MP with a Southern constituency

“My constituents are split down the middle: parents are desperate to get their children back to school, but many older residents – even if they’ve been vaccinated – are still worried about new infections. There are fewer complaints from businesses from before, but that is partly because those that were going to fold have gone under even as others have adapted. We won’t be returning to normal until summer, at the earliest. Advocates of a longer, harder lockdown are winning the battle inside the Government because it is widely recognised that we eased restrictions too early last time – 1,500 deaths a day is intolerable. However, I don’t support the idea that we should lock down until the virus is eradicated. We need to get it down to manageable levels and then treat it in the background, like flu. I think that March 8 is a sensible date to start a careful, and very gradual, unlocking.”

MP with a Southern constituecy

“Views in my area are mixed. People are very law-abiding and good at following the rules, and infection rates are very low. But there is frustration that communities like ours are locked into a national approach. What is the point of keeping our Covid levels so low if it doesn’t allow local schools and businesses to re-open? The Transport Secretary also caused huge upset to the hospitality sector with his remarks about holidays. I think we need to start easing restrictions in some parts of the country on February 22 – things like schools, as well as activities which don’t contribute to transmission such as outdoor exercise. We need to give people hope.”

MP with a Southern constituency

“I survey my constituents regularly and there is still broad support for lockdown, I’m not getting many emails about re-opening pubs and restaurants. But I do think that the restrictions are taking an increasing toll on people’s mental health, and the Government needs to take that into account when deciding when to unlock. Whilst I don’t expect us to be back to ‘normal’ until the summer, the Prime Minister should start easing restrictions on things like meeting outdoors on March 8. What has changed since the earlier lockdowns is the attitude of parents. We know much more about how badly school closures are impacting on children, and there is a strong sense that we need them to reopen as soon as the vulnerable are protected. Personally, I’m not convinced that this needs to be ‘phased’ – we need education back on track as soon as possible.”

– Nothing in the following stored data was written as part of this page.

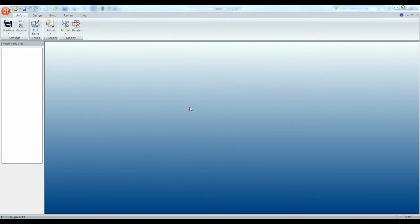Welcome back. In this video we are going to be importing a part into Sigma-Bend using SolidWorks.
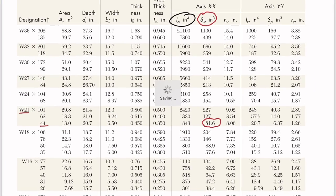The second option is W18×50 with a section modulus of 88.9 in³.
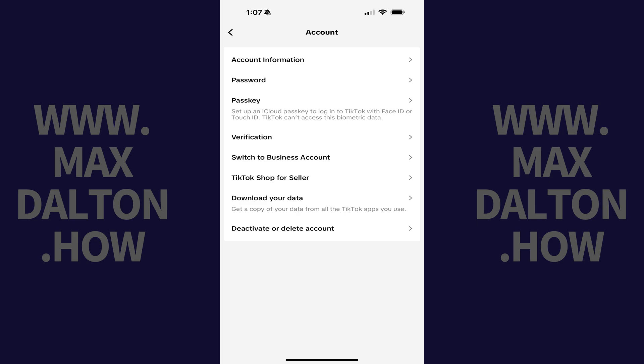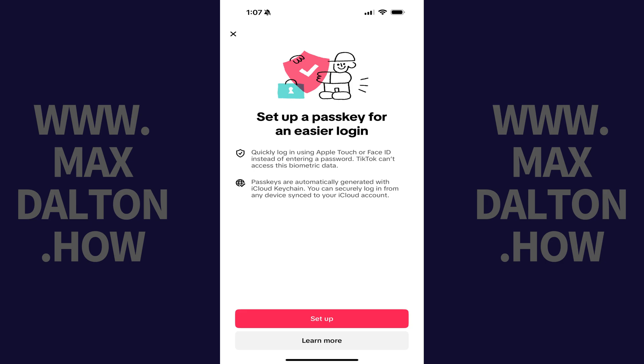Step 4. Tap Passkey. A screen opens that gives you additional information about passkeys.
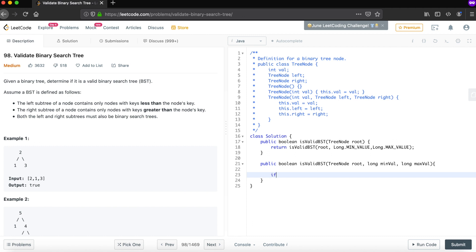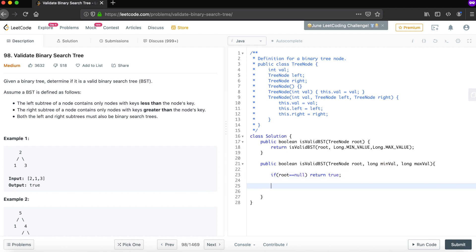The function signature is: `boolean isValidBST(root, long minVal, long maxVal)`. Base conditions: if root is null, return true — it's a correct BST. If `minVal` is greater than or equal to `root.val`, return false. If `maxVal` is less than or equal to `root.val`, return false.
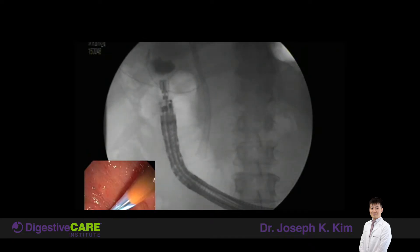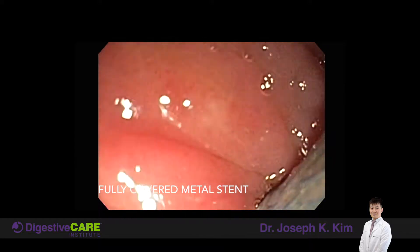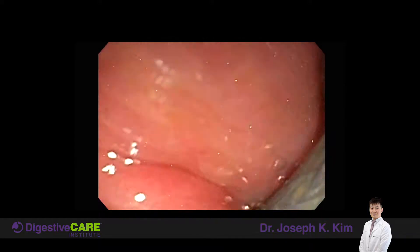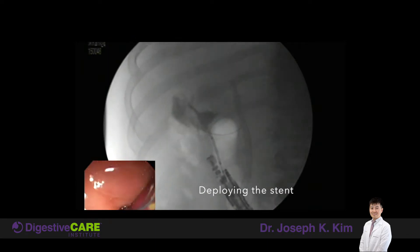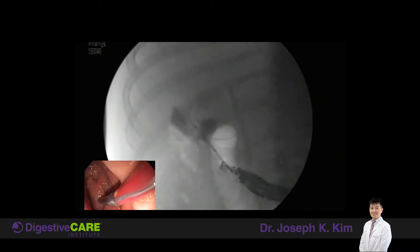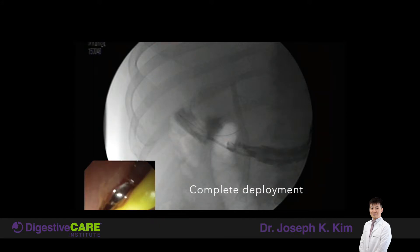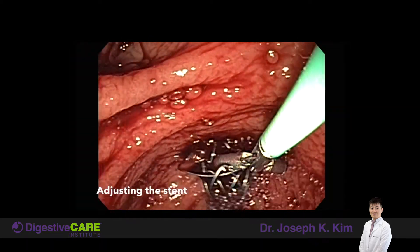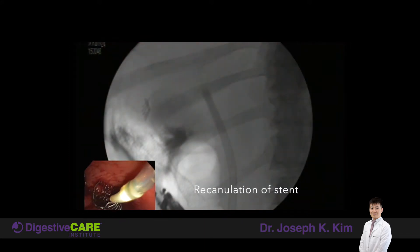Once we confirm that placement, we are deploying a fully covered metal stent. This metal stent is made out of nitinol. It is covered so that there can be no ingrowth of tissue. We're deploying this using fluoroscopic x-ray imaging along with the endoscopic view, which you see in the left lower quadrant. This is successful deployment, and once it's deployed, you see that there is a flash of bile that comes out — that's successful placement.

MP with a Southern constituency

“People are finding this lockdown much harder than the others. People are struggling with their mental health and businesses are finding it very difficult. But paradoxically, there is still a lot of caution about opening up. What my constituents need is hope: the Government has to stop messing people around with different possible dates and make sure there’s a light at the end of the tunnel. I don’t expect we’ll be able to be in crowded indoor spaces again until 2022, so talk of a ‘normal summer’ is a bit relative. But a sensible measure would be to allow every household, and not just the vulnerable, to have one social bubble so they can safely and legally see family or friends. The top priority has to be schools. I’d open them tomorrow, but March 8 is better than nothing. France has managed to get them open, and our young people don’t deserve to have their education disrupted any further.”